Allo-Ia reactive murine T-cell lines. II. Mechanisms of clonal expansion of T cells explored by use of the allo-Ia reactive T cell clones.

Murine T cell clones, which were retrieved from an A.TH anti-A.TL(lak) T cell line and had been long-term cultured in the medium supplemented with T cell growth factor (TCGF) and mitomycin C(MMC)-treated feeder cells of either Is or Ik haplotype, were found to survive in TCGF-free medium for a long time, quite in contrast to so far reported TCGF-dependent T cell clones. When T cells of these clones at the full growth in the TCGF-medium were transferred to TCGF-free medium, they survived at resting state for a long time, and half-life, i.e., the time when 50% of the transferred cells were still viable, of some clones reached 20 days. The cloned T cells at the resting state retained full responsiveness to the specific lak antigen but lost the responsiveness to TCGF as determined by [3H]thymidine uptake, whereas the same T cells harvested from TCGF-medium did not show the antigen-specific responsiveness. The cloned T cells at the resting state showed marked DNA synthesis in response to the specific antigen but never entered the phase of the cell division. Addition of TCGF to the antigen-activated cloned T cells at their peak DNA synthesis triggered the cell division without time lag.
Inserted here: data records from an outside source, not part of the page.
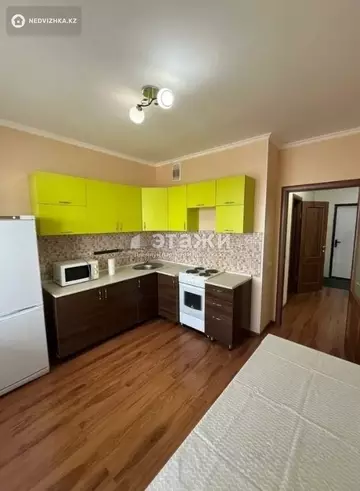 1-комнатная квартира, этаж 22 из 24, 45 м²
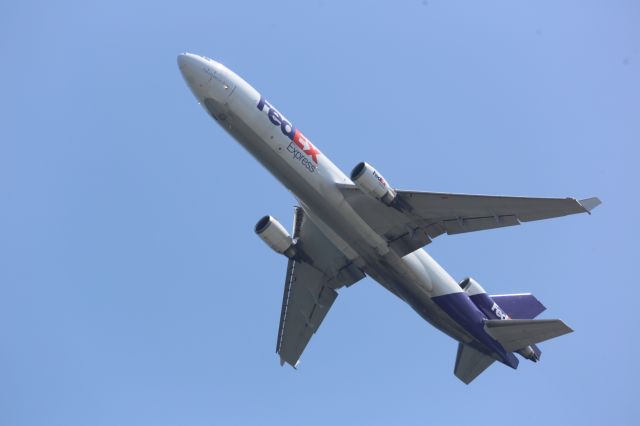 Boeing MD-11 (N575FE)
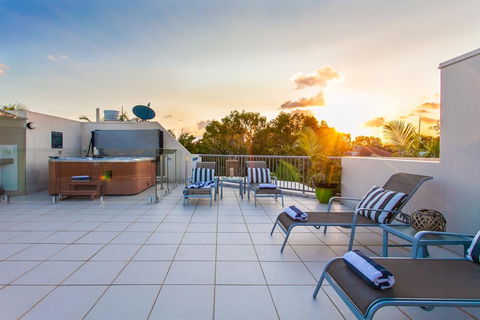 Noosa Tropicana - Accommodation Whitsundays 19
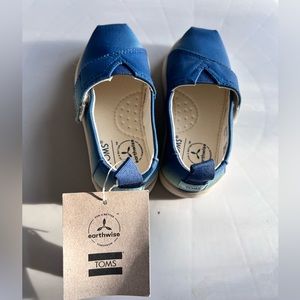 Brand new TOMS Tiny Alpargata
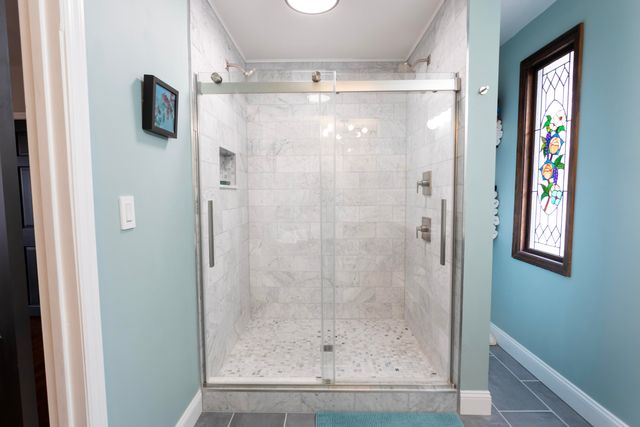 1809 Colonial Shores Drive, Hixson, TN 37343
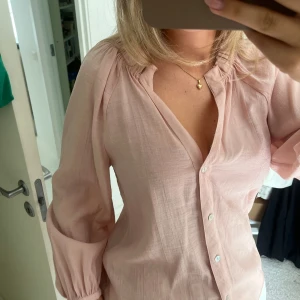 Ljusrosa blus - Zara - Ljusrosa linneblend blus från zara. Aldrig använd🩷 storlek M, bra på mig som har S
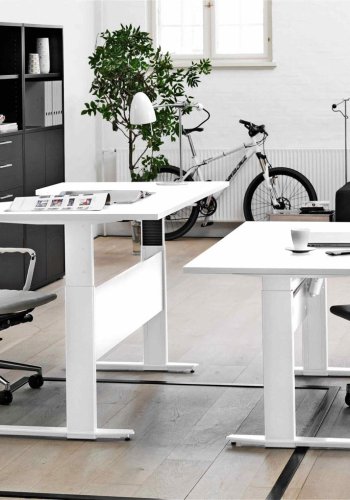 TVILUM Prima höhenverstellbarer Tisch - weiß (150x80)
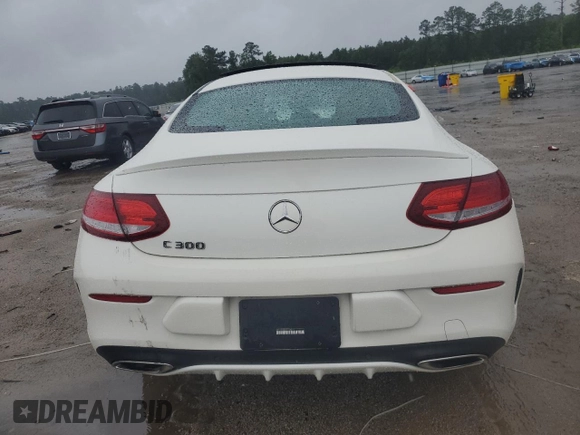 2018 Mercedes-Benz C 300 z VIN WDDWJ4JB3JF744520, wystawiony jako Copart lot #56414345 z przebiegiem Nie podano mil oraz Szkoda całkowita • Salvage title. Historia ofert i sprzedaży dostępna na DreamBid. Obrazek 6.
Thus, it was confirmed at a single clone level that two sequential signals, one via the antigen-receptor reacting with specific antigen and another via the TCGF-receptor accepting TCGF, are required for clonal expansion of T cells reacting with antigen. The mitogen-responsiveness among five clones was examined at their resting state; two clones responded to Con A and PHA only in the presence of accessory cells (MMC-treated, T cell-depleted syngeneic spleen cells), and one clone responded well to Con A and PHA in the absence of accessory cells. Thus, most of our clones retained physiologic characteristics of T cells directly collected from mice even after long-term culture in TCGF-medium.